8 of 8 steps (100%) done
Complete log: .snakemake/log/2024-02-21T234108.721811.snakemake.log
Observe the output
As you can see in the log output, fastqc and multiqc jobs weren’t run with the same resources as you can see in the log (cf. highlighted lines above, e.g.:
resources: mem_mb=100, mem_mib=954, disk_mb=1000, disk_mib=954, tmpdir=<TBD>, threads=1, mem=100Mb, time_min=00:05:00
).In order to know how much resources your jobs actually used, you can use the cluster’s
qstat
command: qstat -fxw -G <jobID>
. The job id given by the cluster are also listed in the log that’s printed on your screen (cf. highlighted lines above, e.g.: Submitted job 1 with external jobid '748821.pbsserver'
).If we compare the resources used in
ex1c_o3.smk
(default resources) and ex1c_o5.smk
(customised resources):
# ex1c_o3.smk
Job Id: 1533104.pbsserver
session_id = 51161
Resource_List.mem = 1gb
Resource_List.ncpus = 1
Resource_List.nodect = 1
Resource_List.place = pack
Resource_List.preempt_targets = QUEUE=lowprio
Resource_List.select = 1:mem=1gb:ncpus=1
Resource_List.walltime = 02:00:00
Job_Name = snakejob.fastqc.2.sh
Job_Owner = c.toffano-nioche@node06.example.org
resources_used.cpupercent = 0
resources_used.cput = 00:00:10
resources_used.mem = 102400kb
resources_used.ncpus = 1
resources_used.vmem = 2823656kb
resources_used.walltime = 00:00:17
job_state = F
queue = common
# ex1c_o5.smk
Job Id: 1533800.pbsserver
session_id = 51712
Resource_List.mem = 100mb
Resource_List.ncpus = 1
Resource_List.nodect = 1
Resource_List.place = pack
Resource_List.preempt_targets = QUEUE=lowprio
Resource_List.select = 1:mem=100mb:ncpus=1
Resource_List.walltime = 00:05:00
Job_Name = snakejob.fastqc.2.sh
Job_Owner = c.toffano-nioche@node06.example.org
resources_used.cpupercent = 0
resources_used.cput = 00:00:10
resources_used.mem = 102400kb
resources_used.ncpus = 1
resources_used.vmem = 2823656kb
resources_used.walltime = 00:00:17
job_state = F
queue = common
Lines starting with
Resource_List
summarise the resources reserved for your job. In particular, lines 4, 5 and 10 show the (RAM) memory, the number of processors and the walltime that were reserved.Lines starting with
resources_used
summarise the resources that were actually used by your job.

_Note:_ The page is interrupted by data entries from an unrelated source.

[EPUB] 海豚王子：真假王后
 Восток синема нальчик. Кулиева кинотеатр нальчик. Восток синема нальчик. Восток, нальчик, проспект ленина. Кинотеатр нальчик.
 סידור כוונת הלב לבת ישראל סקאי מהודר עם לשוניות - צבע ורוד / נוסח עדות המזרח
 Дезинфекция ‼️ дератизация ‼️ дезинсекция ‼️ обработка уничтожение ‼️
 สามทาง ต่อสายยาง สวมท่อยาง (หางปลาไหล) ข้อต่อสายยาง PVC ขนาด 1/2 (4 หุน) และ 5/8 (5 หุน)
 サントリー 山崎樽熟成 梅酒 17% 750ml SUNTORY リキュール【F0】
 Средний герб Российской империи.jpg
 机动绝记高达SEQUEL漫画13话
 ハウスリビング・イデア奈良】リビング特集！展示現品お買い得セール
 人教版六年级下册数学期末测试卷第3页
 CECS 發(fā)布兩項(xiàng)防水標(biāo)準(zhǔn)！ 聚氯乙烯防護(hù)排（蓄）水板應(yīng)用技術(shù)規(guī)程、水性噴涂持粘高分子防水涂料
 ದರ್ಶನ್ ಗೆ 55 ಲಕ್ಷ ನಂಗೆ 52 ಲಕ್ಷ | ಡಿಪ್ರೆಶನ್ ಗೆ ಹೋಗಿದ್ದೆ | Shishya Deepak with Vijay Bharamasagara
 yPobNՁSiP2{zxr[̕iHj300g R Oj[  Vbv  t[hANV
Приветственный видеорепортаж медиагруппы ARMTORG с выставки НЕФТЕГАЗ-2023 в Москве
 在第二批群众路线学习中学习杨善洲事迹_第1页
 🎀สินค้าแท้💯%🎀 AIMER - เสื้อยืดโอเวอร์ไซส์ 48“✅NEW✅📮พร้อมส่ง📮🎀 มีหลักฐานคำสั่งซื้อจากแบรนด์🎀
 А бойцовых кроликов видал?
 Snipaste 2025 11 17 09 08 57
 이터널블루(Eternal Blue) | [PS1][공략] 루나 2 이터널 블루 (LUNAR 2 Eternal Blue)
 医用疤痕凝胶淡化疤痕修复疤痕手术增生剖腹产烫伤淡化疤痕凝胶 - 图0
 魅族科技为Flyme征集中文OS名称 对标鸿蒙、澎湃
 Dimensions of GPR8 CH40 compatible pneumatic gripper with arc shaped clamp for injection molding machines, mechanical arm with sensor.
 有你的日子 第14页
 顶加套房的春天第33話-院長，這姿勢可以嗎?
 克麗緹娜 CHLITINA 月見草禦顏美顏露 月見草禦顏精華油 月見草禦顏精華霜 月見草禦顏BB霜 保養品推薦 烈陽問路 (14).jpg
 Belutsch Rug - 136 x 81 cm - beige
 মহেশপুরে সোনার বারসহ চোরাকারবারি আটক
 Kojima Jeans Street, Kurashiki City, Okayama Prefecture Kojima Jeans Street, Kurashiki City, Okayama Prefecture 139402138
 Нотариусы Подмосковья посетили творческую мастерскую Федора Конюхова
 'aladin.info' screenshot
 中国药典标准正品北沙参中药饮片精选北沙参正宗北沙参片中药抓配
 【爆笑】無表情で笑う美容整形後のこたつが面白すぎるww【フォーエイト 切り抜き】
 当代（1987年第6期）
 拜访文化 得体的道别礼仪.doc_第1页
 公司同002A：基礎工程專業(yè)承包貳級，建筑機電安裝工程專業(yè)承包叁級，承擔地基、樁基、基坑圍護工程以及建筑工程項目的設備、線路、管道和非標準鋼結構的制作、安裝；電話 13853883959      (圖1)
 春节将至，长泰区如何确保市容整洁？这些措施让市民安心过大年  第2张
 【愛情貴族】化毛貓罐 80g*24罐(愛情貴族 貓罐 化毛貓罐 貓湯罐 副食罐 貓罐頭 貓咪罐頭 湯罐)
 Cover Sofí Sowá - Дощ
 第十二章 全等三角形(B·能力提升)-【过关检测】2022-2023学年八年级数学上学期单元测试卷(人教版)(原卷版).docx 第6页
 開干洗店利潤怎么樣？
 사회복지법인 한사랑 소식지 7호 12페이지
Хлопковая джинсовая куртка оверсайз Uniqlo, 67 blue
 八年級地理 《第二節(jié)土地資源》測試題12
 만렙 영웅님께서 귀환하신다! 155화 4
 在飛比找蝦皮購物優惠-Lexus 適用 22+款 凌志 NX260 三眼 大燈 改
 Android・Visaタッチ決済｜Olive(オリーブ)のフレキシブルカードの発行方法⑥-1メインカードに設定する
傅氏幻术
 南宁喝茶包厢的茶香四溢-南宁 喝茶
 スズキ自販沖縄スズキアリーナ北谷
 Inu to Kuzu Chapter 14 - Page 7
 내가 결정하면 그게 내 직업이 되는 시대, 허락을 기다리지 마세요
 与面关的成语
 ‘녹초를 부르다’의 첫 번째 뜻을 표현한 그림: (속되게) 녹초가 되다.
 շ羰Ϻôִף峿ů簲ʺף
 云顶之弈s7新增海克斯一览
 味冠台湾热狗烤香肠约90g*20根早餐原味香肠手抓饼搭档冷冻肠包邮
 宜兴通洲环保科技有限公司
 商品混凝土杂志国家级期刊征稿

In particular, lines 13, 15 and 18 show the percentage of processors used (between 0 and 100% x ncpus), the (RAM) memory and the actual time that was used.For example, we can see that 100mb is much more adapted than 1gb, considering that the actual memory used is about 100mb.